Zunächst fing alles ähnlich wie auf anderen Gütern des Oberbarnim an. Der ehemalige Zinnaer Klosterbesitz ging 1450 an die ureingesessenen Adligen von Krummensee, jedoch erst durch den Aufkauf mehrerer Bauernhöfe durch die nachfolgende Familie von Röbel entstand um 1586 ein Rittergut. Bekannte und unbekannte Adlige wechselten sich als Eigentümer ab. Allen gemeinsam war, dass sich keiner von ihnen selbst als Landwirt betätigte. Amtmänner und späterhin Administratoren übernahmen die oft recht mühsame Bewirtschaftung.

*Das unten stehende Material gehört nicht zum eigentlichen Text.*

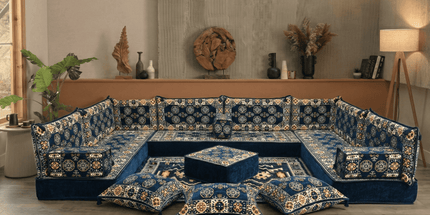 Arabic Floor Sofa Set – Navy U Shaped Majlis Sectional with 8 Inch Cushions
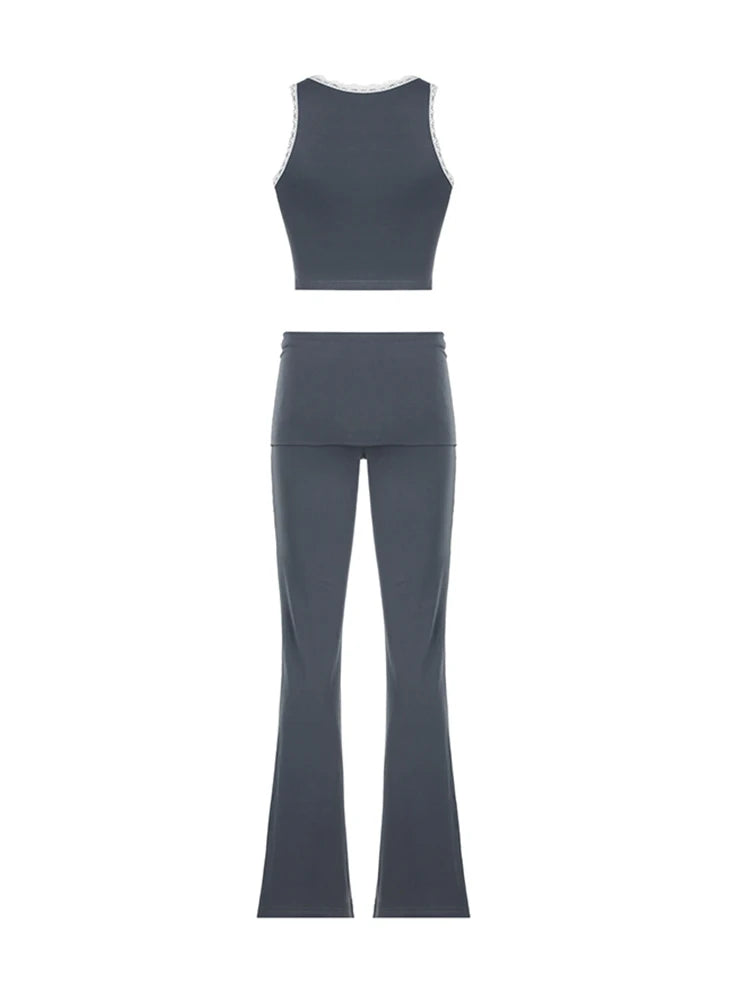 Patchwork Lace Trim Y2k Two Piece Sets Sleeveless Square Collar Skinny Crop Top and Flared Pants Tracksuits
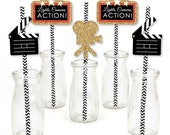 Red Carpet Hollywood - Die-Cut Straw Decorations - Movie Night Party Paper Cut-Outs & Striped Paper Straws - Prom Party Party Decor - 24 Pc Il_170x135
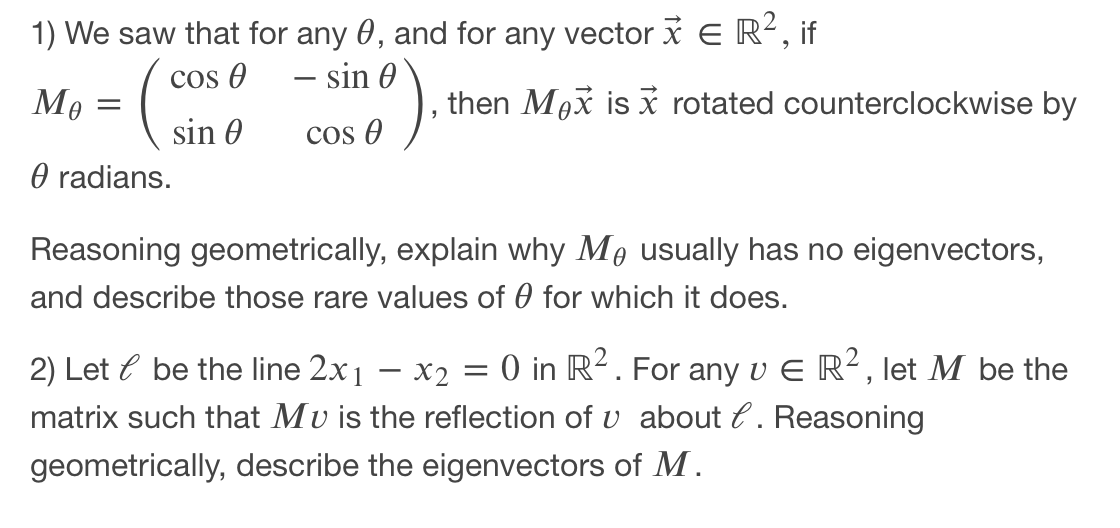 Solved Cos E 1 We Saw That For Any 0 And For Any Vector Chegg Com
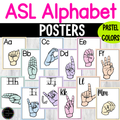 ASL Alphabet Letters American Sign Language Posters for Classrooms Pastel Colors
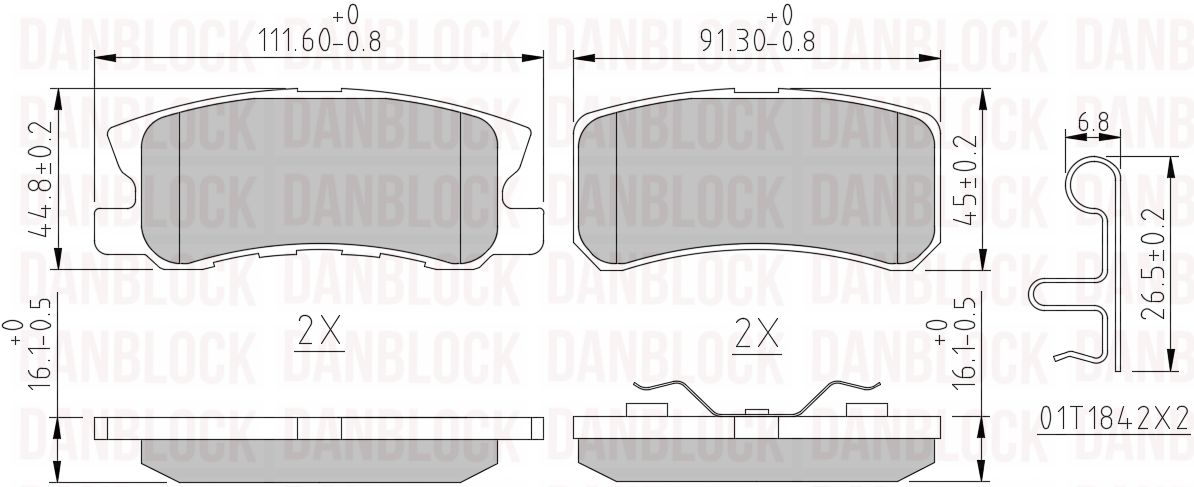 Kit de plaquettes de frein, frein à disque DANBLOCK DB 510622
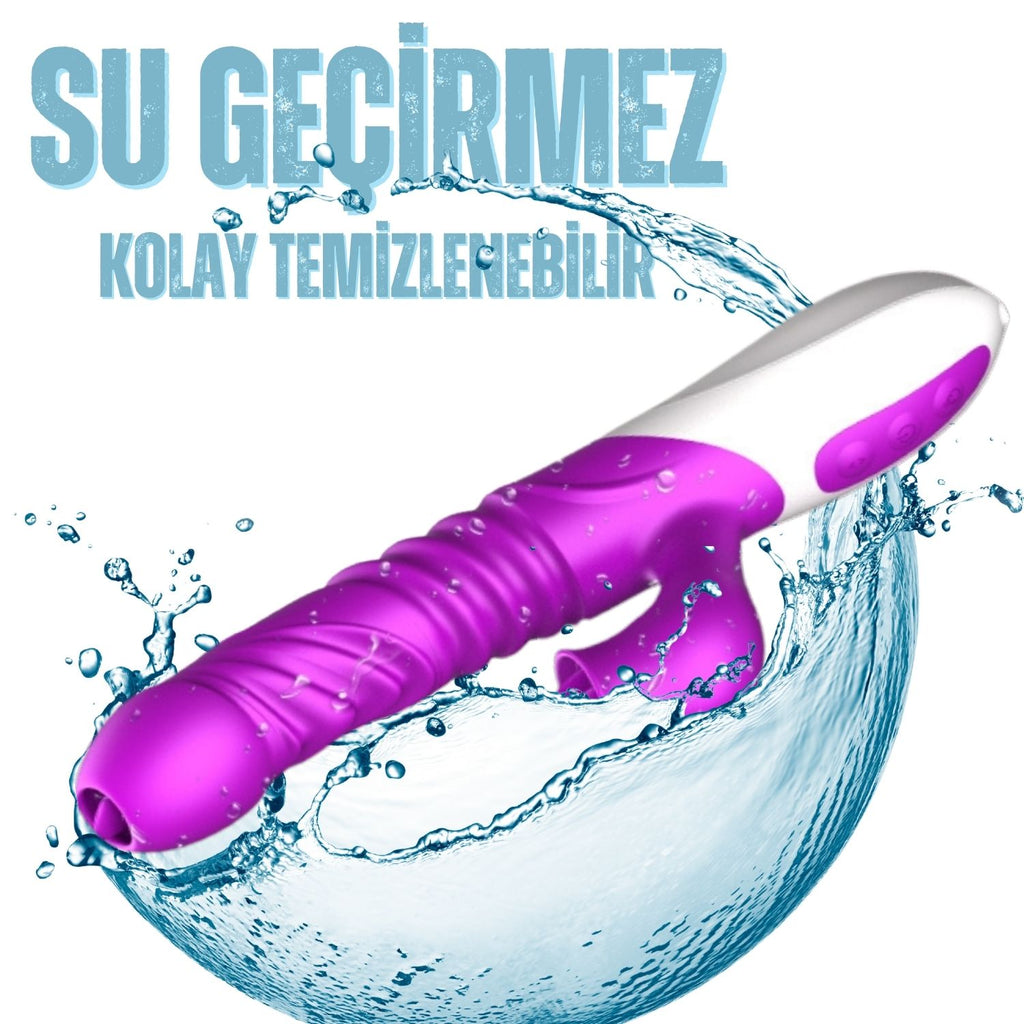 T10 - Şarjlı Akıllı Isıtmalı İleri Geri ve Dil Hareketli G-Spot ve Klitoris Uyarıcı 2 in 1 Yapay Penis Rabbit Vibratör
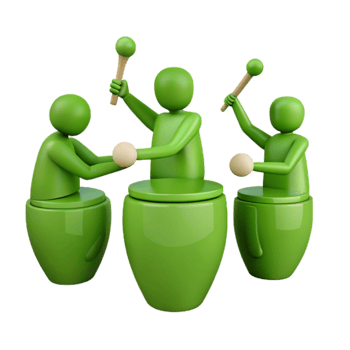 Green Stick Figure Drummers png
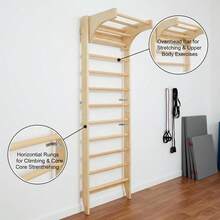 Wall Gym 80x32 Inches For Physical Therapy Gymnastics Home Workout, Height Adjustable Pull-Up Bar Pine Wood Frame Solid Construction 280lbs Capacity Indoor Fitness Equipment Training Ladder-XY291162 - Default - View 2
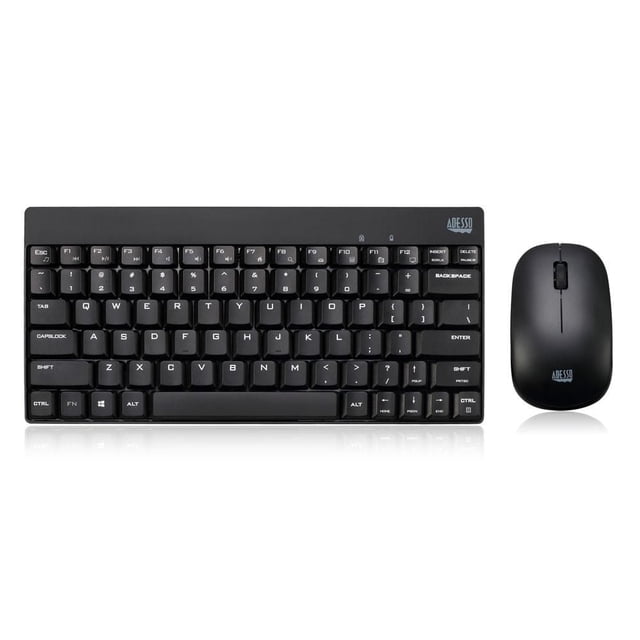 Adesso WKB-1100CB Wireless Spill Resistant Mini Keyboard & Mouse Combo with compact black keyboard featuring membrane switches for quiet typing and a black wireless mouse with enhanced optical engine, both branded with Adesso, offering up to 30 feet wireless range and spill-resistant design suitable for space-saving computer setups.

1753 kam Hirschfelde in den Besitz des Wirklichen Geheimen Etats- und Justizministers Levin Friedrich von Bismarck (1703 - 1774). Vermutlich in diese Zeit fiel der Bau des bescheidenen Gutshauses, bestehend aus einem Corps de Logis unter hohem Mansarddach mit zwei Stummelflügeln zum damals angelegten Park hin.

Der Sohn, August Wilhelm von Bismarck, bekannt als Geheimer Staats-, Kriegs- und dirigierender Minister, zugleich Chef des Akzise-, Zoll-, Handels- und Fabrikwesens in Preußen, erbte das Anwesen. Er wurde 1783 nach seinem Tode in Hirschfelde beigesetzt.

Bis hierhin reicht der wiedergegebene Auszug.